### About this exercise
One exact copy of the listing, minus the images, is the required answer.
-------------------------
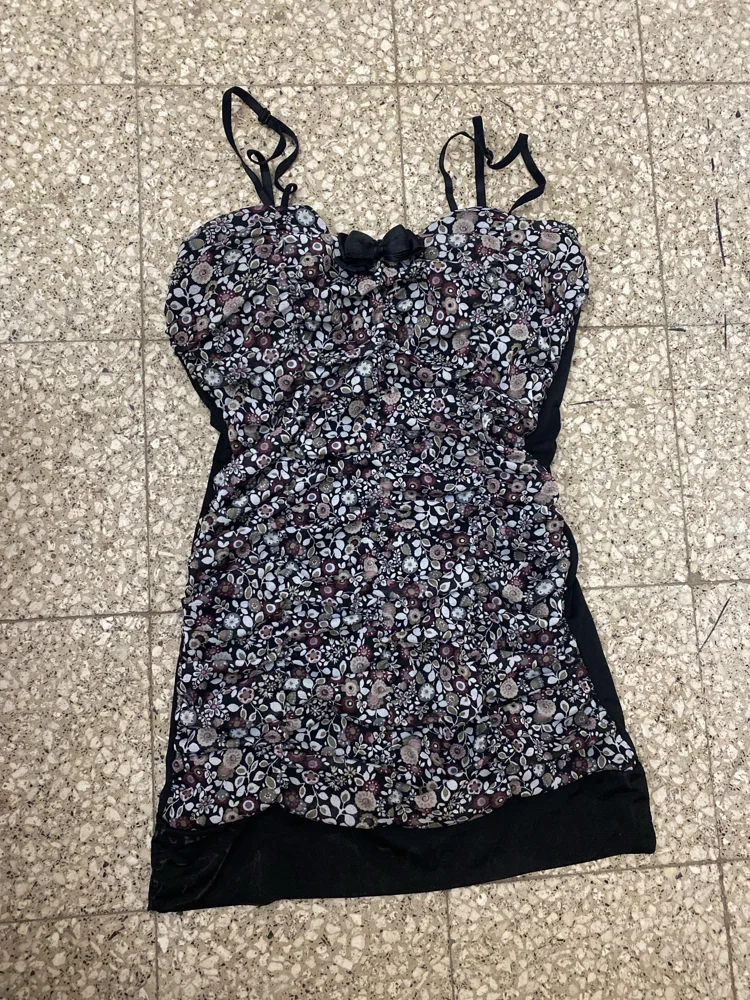 Me & Me Cami Tops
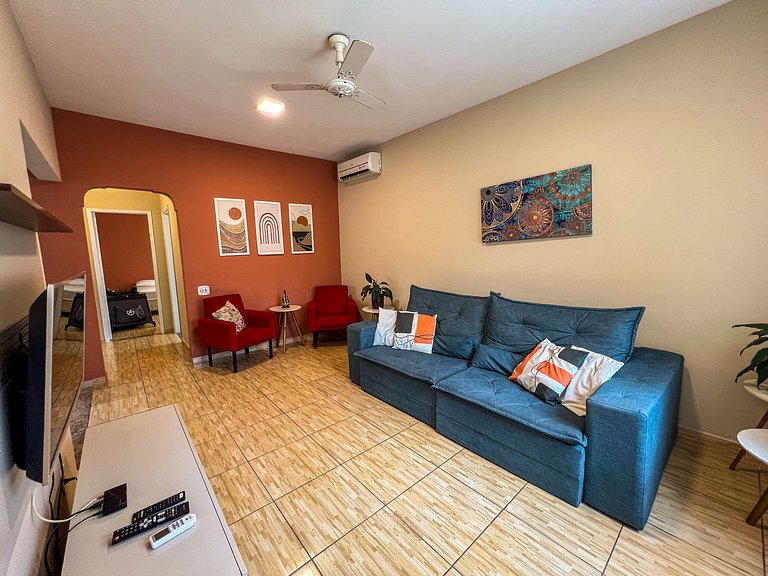 Casa da Vó Conceição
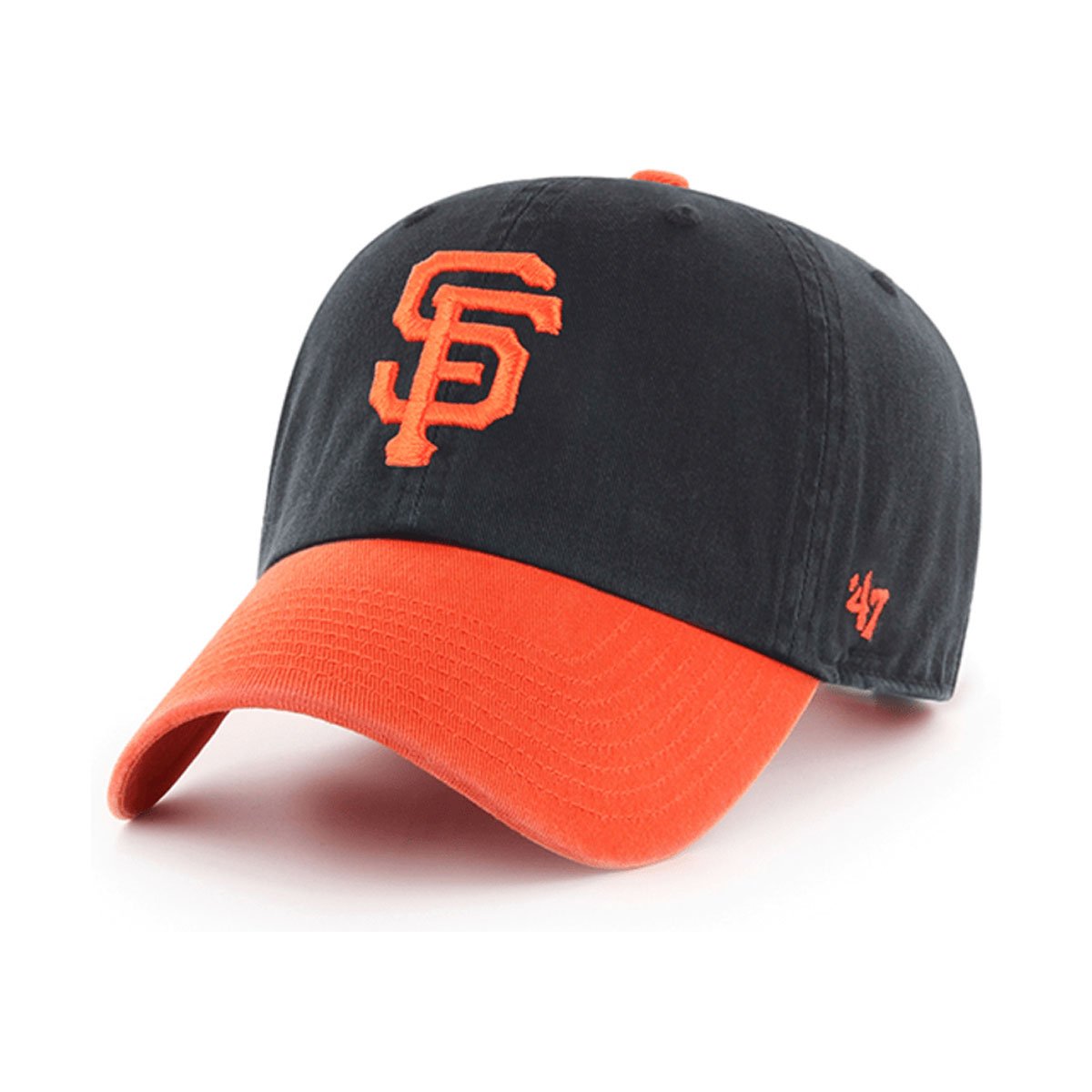 San Francisco Giants 47 Clean Up - OSFA -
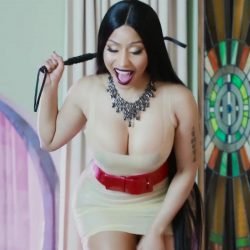 Nicki Minaj | Celeb Masta 167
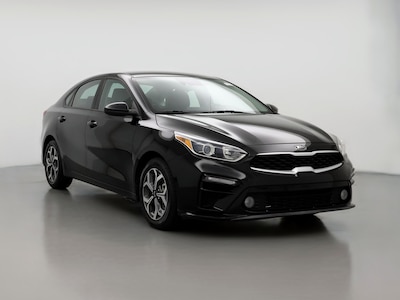 2019 Kia Forte LXS -
                Biloxi-Gulfport, MS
-------------------------
### Written answer
 Me & Me Cami Tops
 Casa da Vó Conceição
 San Francisco Giants 47 Clean Up - OSFA -
 Nicki Minaj | Celeb Masta 167
 2019 Kia Forte LXS -
                Biloxi-Gulfport, MS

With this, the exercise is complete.